§ Assigned task:
When writing out the listing below, reproduce every word exactly and skip the pictures.

§ Raw data:
________________

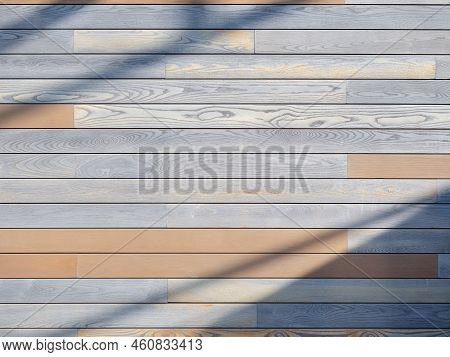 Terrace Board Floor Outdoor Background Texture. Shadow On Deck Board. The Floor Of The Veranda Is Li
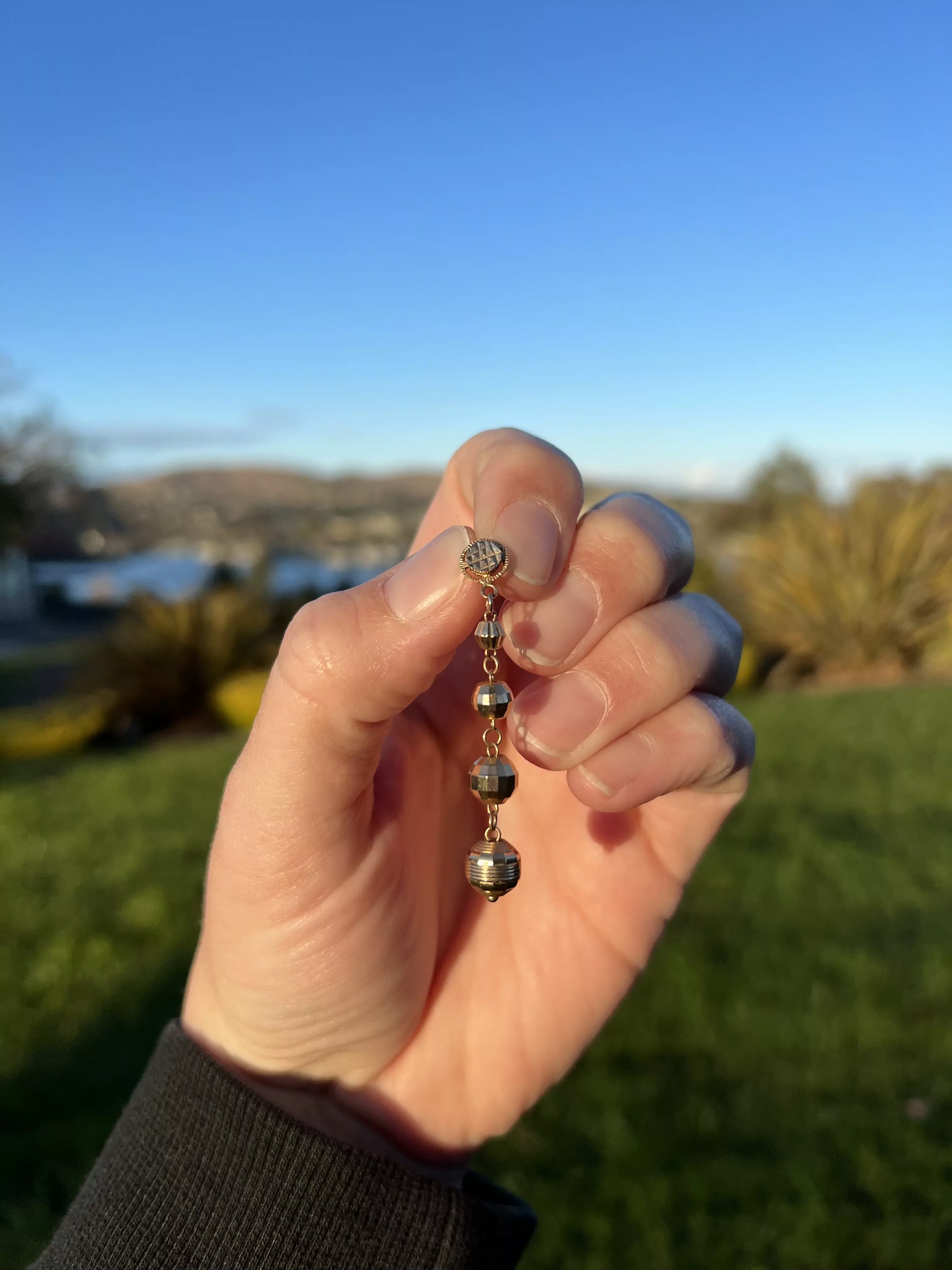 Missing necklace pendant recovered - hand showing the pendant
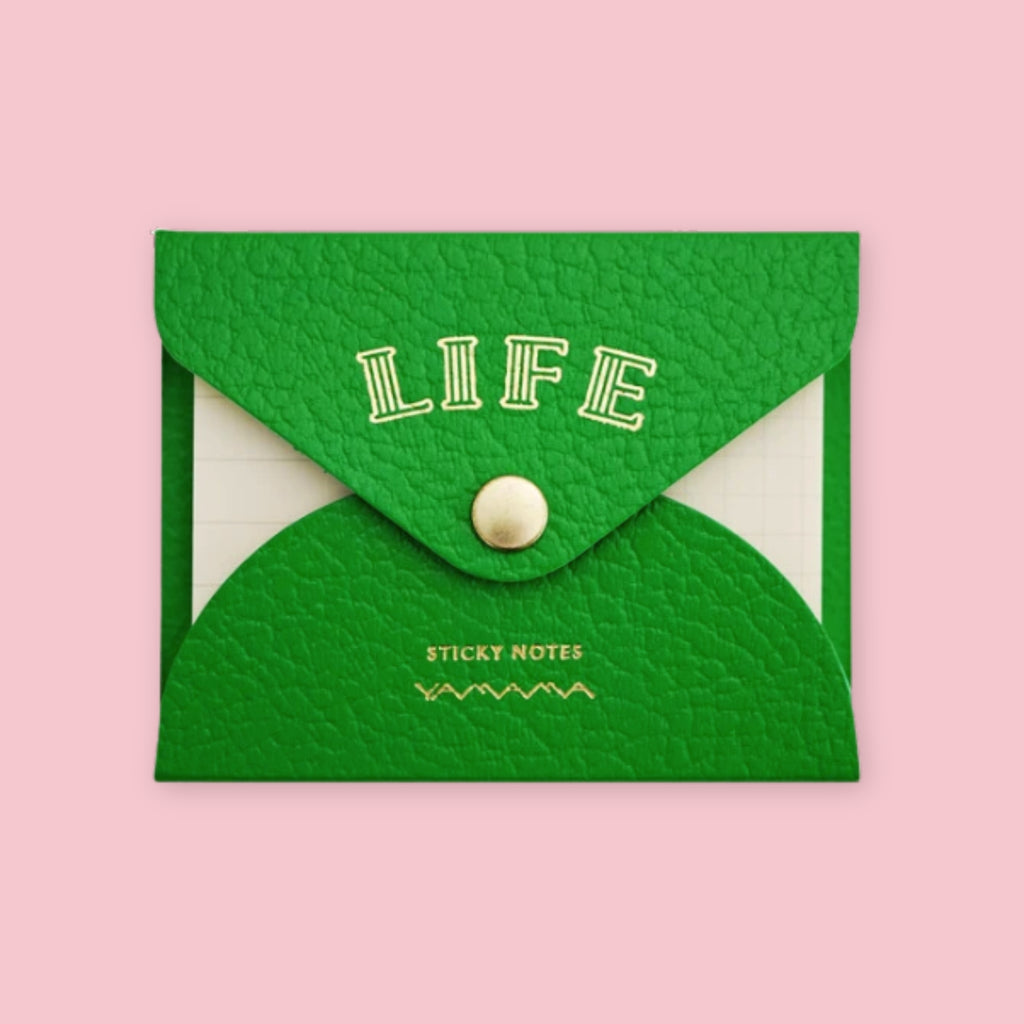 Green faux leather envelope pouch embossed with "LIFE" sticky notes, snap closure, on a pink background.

________________

§ Exercise answer:
 Terrace Board Floor Outdoor Background Texture. Shadow On Deck Board. The Floor Of The Veranda Is Li
 Missing necklace pendant recovered - hand showing the pendant
 Green faux leather envelope pouch embossed with "LIFE" sticky notes, snap closure, on a pink background.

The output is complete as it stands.